The Islamic Case for Religious Liberty

ANKARA – Ecumenical Patriarch Bartholomew of the Orthodox Church recently said on American TV that he feels “crucified” in Turkey, upsetting many Turks.   Sadly, his Holiness is right.   Yet his complaint is not with Islam but with the secular Turkish Republic.

The Turkish state has kept the Halki Seminary, the only institution able to train Orthodox priests, closed since 1971. Even the Patriarch’s title “ecumenical” is lashed out at by some Turkish authorities and their nationalist supporters. Every year, international reports on religious freedom point to such pressures on the Patriarchate with concern, and they are right to do so.   But why does Turkey do all this? What is the source of the problem?
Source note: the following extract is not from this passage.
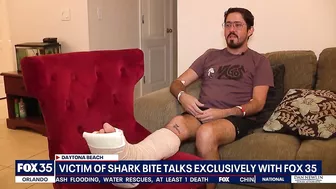 Man bit by shark at Florida beach tells his story - 'It is like a knife'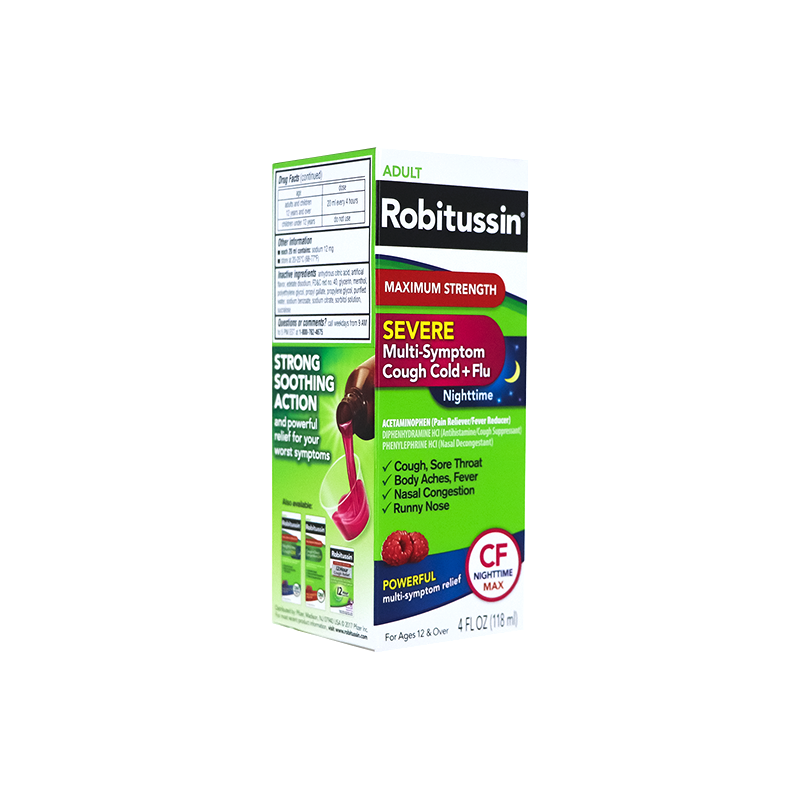 Robitussin Nighttime Medicine for Cold and Flu 4 oz image 1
Things were better long ago. The first Turkish ruler to reign over the Ecumenical Patriarchate was Mehmed II, the Ottoman Sultan who conquered Constantinople in 1453. In line with the Islamic tradition of accepting the “People of the Book,” the young sultan granted amnesty to the patriarchate. He also gave the institution many privileges and authorities, no less than that which existed under the Byzantine emperors. Armenians and Jews later enjoyed the same autonomies.

In the 19th century, the non-Muslim peoples of the empire also achieved the rights of equal citizenship with Muslims. That’s why the late Ottoman bureaucracy and the Ottoman Parliament included a great number of Greeks, Armenians and Jews — something you never see in republican Turkey. The Halki Seminary, opened in 1844, is a relic from that bygone age of pluralism.